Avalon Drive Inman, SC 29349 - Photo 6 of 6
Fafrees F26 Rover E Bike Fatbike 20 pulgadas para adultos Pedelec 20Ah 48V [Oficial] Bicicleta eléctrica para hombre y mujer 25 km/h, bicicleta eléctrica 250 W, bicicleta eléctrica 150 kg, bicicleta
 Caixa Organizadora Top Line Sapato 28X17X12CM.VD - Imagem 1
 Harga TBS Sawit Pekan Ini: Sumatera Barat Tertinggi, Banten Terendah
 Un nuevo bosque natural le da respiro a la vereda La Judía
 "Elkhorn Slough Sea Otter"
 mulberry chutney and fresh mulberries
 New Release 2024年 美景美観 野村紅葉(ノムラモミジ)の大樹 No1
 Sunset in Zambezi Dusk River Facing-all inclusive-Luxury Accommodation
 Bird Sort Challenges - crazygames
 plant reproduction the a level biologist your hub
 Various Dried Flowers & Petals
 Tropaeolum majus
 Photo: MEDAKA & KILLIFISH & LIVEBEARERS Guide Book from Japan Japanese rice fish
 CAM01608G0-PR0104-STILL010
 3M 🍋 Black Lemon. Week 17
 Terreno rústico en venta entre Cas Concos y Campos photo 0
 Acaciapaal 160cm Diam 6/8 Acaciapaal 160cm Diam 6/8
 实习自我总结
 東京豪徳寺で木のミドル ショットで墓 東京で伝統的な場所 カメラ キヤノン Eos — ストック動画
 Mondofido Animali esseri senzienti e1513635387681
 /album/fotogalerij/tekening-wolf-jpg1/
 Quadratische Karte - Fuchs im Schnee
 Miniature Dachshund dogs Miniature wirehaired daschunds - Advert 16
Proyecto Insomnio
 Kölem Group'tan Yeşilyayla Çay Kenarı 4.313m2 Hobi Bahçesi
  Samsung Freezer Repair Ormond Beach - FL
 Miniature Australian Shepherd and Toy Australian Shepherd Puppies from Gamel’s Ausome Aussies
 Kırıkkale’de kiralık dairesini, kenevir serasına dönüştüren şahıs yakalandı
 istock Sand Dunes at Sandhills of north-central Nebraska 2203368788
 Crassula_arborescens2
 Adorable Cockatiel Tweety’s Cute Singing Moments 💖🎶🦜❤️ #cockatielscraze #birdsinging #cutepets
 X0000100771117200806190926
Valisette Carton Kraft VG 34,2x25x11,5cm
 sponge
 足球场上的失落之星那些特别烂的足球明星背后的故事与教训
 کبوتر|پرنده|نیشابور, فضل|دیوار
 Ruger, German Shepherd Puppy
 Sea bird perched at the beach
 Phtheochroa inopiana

---*---

#### EXERCISE PROMPT:
Write out the listing's lines exactly, from its first line through the line that contains "Fafrees F26 Rover", and stop there.

#### EXPECTED OUTPUT:
Avalon Drive Inman, SC 29349 - Photo 6 of 6
Fafrees F26 Rover E Bike Fatbike 20 pulgadas para adultos Pedelec 20Ah 48V [Oficial] Bicicleta eléctrica para hombre y mujer 25 km/h, bicicleta eléctrica 250 W, bicicleta eléctrica 150 kg, bicicleta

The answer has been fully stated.